START AVAILABLE DATA

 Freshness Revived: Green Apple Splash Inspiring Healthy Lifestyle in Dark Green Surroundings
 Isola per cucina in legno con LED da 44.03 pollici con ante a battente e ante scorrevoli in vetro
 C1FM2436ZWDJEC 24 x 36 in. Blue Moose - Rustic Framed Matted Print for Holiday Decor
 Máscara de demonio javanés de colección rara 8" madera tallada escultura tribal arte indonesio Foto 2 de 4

END AVAILABLE DATA
START AVAILABLE DATA

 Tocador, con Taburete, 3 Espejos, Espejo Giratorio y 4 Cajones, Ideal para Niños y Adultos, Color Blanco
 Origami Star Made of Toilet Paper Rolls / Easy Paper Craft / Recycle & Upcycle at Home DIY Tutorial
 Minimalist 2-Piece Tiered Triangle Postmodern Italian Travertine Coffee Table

END AVAILABLE DATA
START AVAILABLE DATA

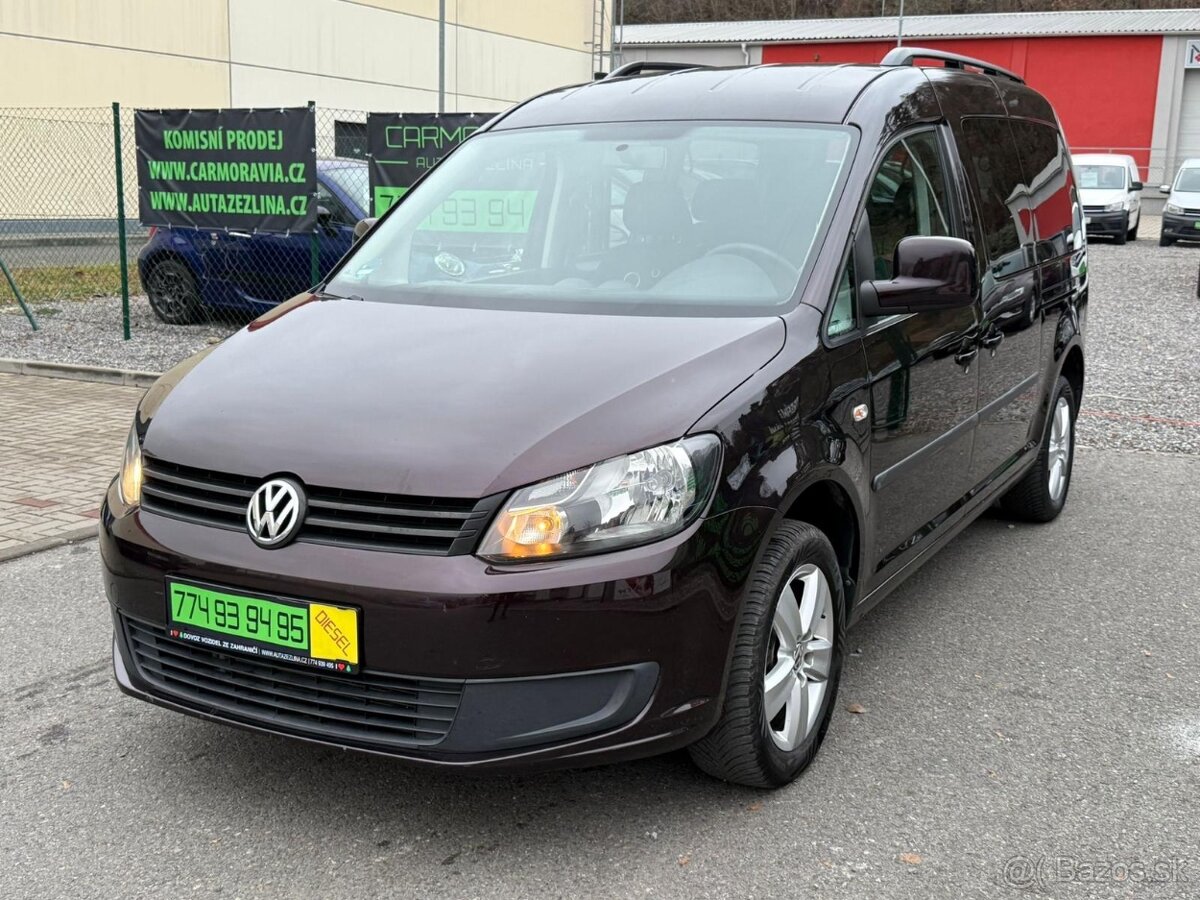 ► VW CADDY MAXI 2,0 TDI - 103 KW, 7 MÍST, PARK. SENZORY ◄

END AVAILABLE DATA

__EXERCISE GOAL__. Look above for the line holding "Tocador, con Taburete, 3". Print it and every line after it, exactly, through the line holding "Minimalist 2-Piece Tiered".

__COMPLETED TASK__.
 Tocador, con Taburete, 3 Espejos, Espejo Giratorio y 4 Cajones, Ideal para Niños y Adultos, Color Blanco
 Origami Star Made of Toilet Paper Rolls / Easy Paper Craft / Recycle & Upcycle at Home DIY Tutorial
 Minimalist 2-Piece Tiered Triangle Postmodern Italian Travertine Coffee Table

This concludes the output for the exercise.